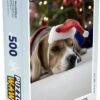 Puzzle Beagle Coiffé D'un Bonnet De Noel - Puzzle - Puzzle 500 Pièces - Noël - Cadeau - Cadeau De Noël Pour Hommes, Femmes Et Enfants - Sinterklaas Présente - Sinterklaas Pour Les Grands Enfants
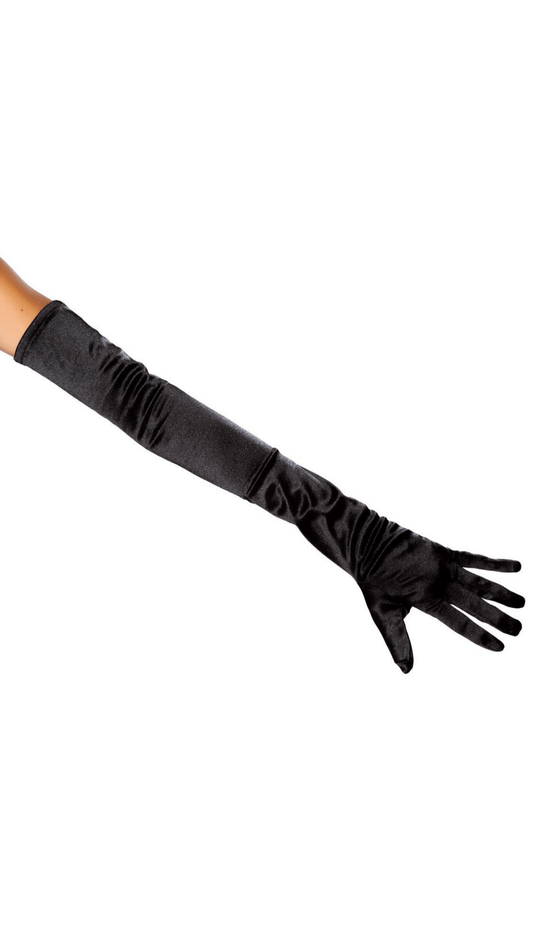  Naughty Kitten Clothing (4 Colours) Stretch Satin Gloves Black Front View Halloween Costume Accessories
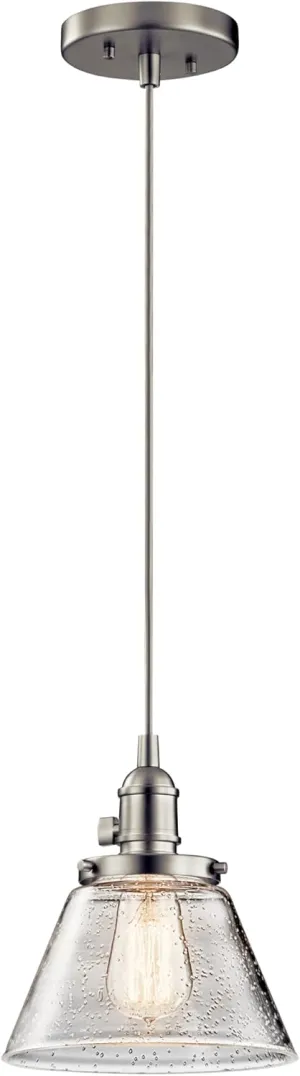 KICHLER Avery 8.75" 1 Light Bell Mini Pendant with Clear Seeded Glass Brushed Nickel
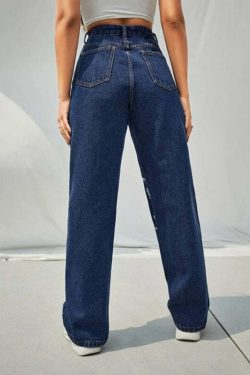 Trippy Smiley Loose Jeans - Y2K Summer Grunge 90s Fashion Retro Hip Hop Y2K Outfits Women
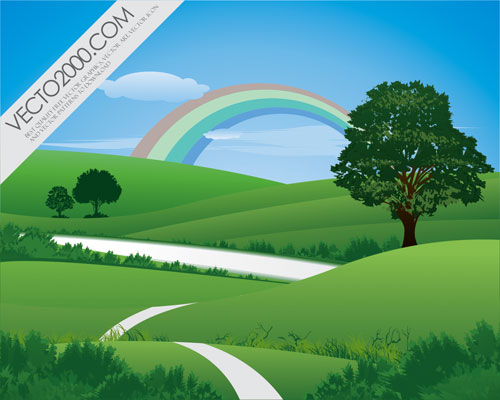 free vector Fresh green landscape with rainbow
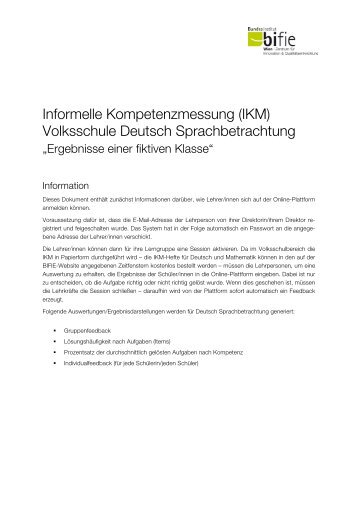 (IKM) Volksschule Deutsch Sprachbetrachtung - Bifie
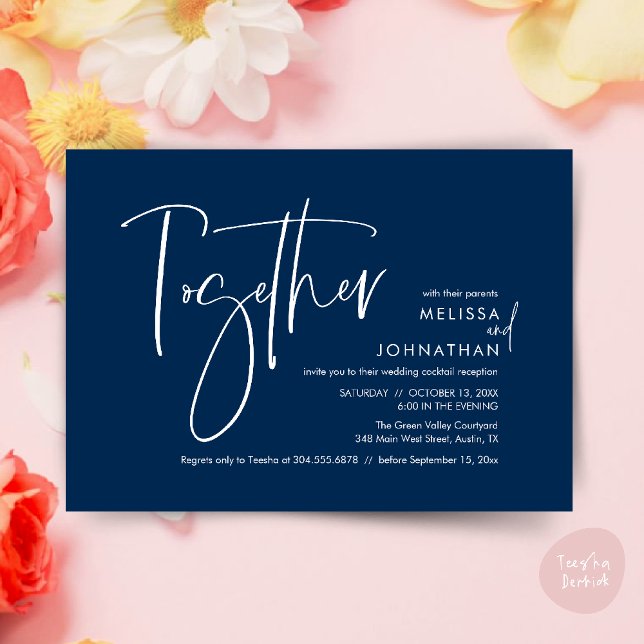 Gemeinsam mit ihren Eltern, Hochzeitsempfang Einladung (Together with their parents, Wedding Reception Invitation Card PDF Modern clean Navy Blue)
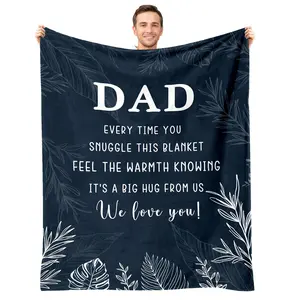 Cozy Flannel Fleece Throw Blanket with Heartfelt Dad Message – Soft, Warm, and Machine Washable – Perfect for Father'S Day, Family Bonding, and Everyday Comfort, Dad Gift Flannel Fleece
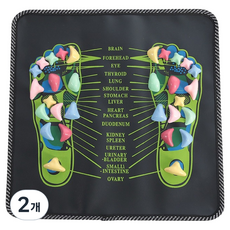 Bonitory 腳底按摩腳底指壓墊 35 x 35 cm, 2個, 黑色墊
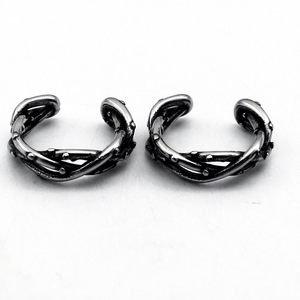 Pendientes de clip para hombre, de acero inoxidable 316L, resistentes al agua y al deslustre, con diseño de alambre de púas, estilo punk rock, para la oreja. - Product Image 2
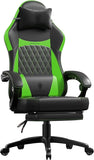 Ergonomic Gaming Chair with Pocket Spring Cushion – High-Back Gaming & Office Chair with Massage Lumbar Pillow, Adjustable Footrest & Headrest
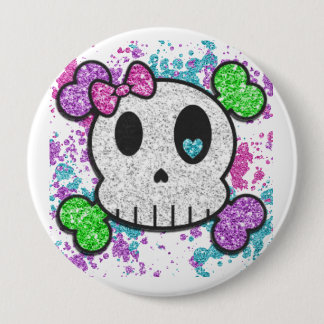 Girl Skull Pinback Buttons Backpack or Hat Pin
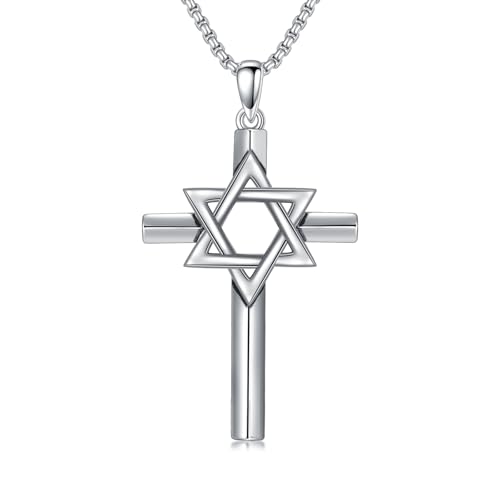 Star of David Necklace 925 Sterling Silver Jewish Necklace Star Crucifix Cross Pendant Judeo Christian Religious Jewelry Gifts for Men Women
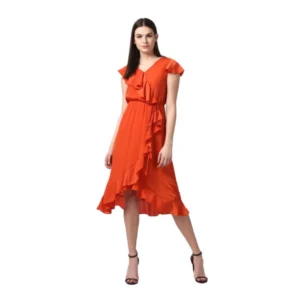 Generic Women's Polyester Ruffled Cap Sleeve Knee-Length Dress (Orange)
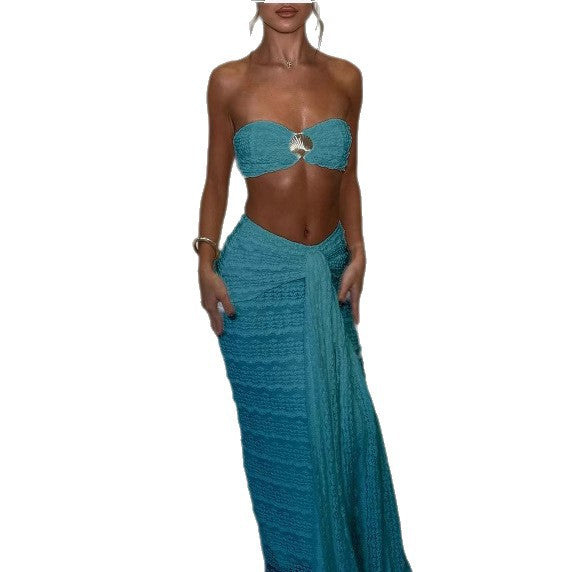 Lace Jacquard Vacation Seaside Casual Swimsuit Suits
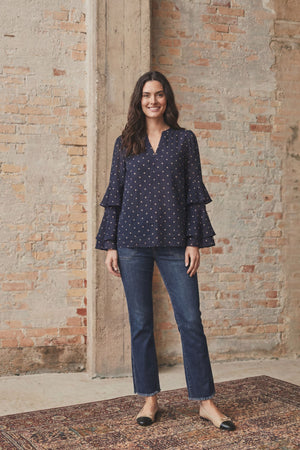 I SAY Naomi Blouse Blouses D67 Navy Dot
###
| TO DO |
From the line with "Bonitory 腳底按摩腳底指壓墊 35 x 35 cm, 2個, 黑色墊" through the final line of the data above, copy everything exactly, both ends included, but not the pictures.

| TASK RESPONSE |
 Bonitory 腳底按摩腳底指壓墊 35 x 35 cm, 2個, 黑色墊
 Pendientes de clip para hombre, de acero inoxidable 316L, resistentes al agua y al deslustre, con diseño de alambre de púas, estilo punk rock, para la oreja. - Product Image 2
 Ergonomic Gaming Chair with Pocket Spring Cushion – High-Back Gaming & Office Chair with Massage Lumbar Pillow, Adjustable Footrest & Headrest
 Girl Skull Pinback Buttons Backpack or Hat Pin
 Star of David Necklace 925 Sterling Silver Jewish Necklace Star Crucifix Cross Pendant Judeo Christian Religious Jewelry Gifts for Men Women
 Generic Women's Polyester Ruffled Cap Sleeve Knee-Length Dress (Orange)
 Lace Jacquard Vacation Seaside Casual Swimsuit Suits
 I SAY Naomi Blouse Blouses D67 Navy Dot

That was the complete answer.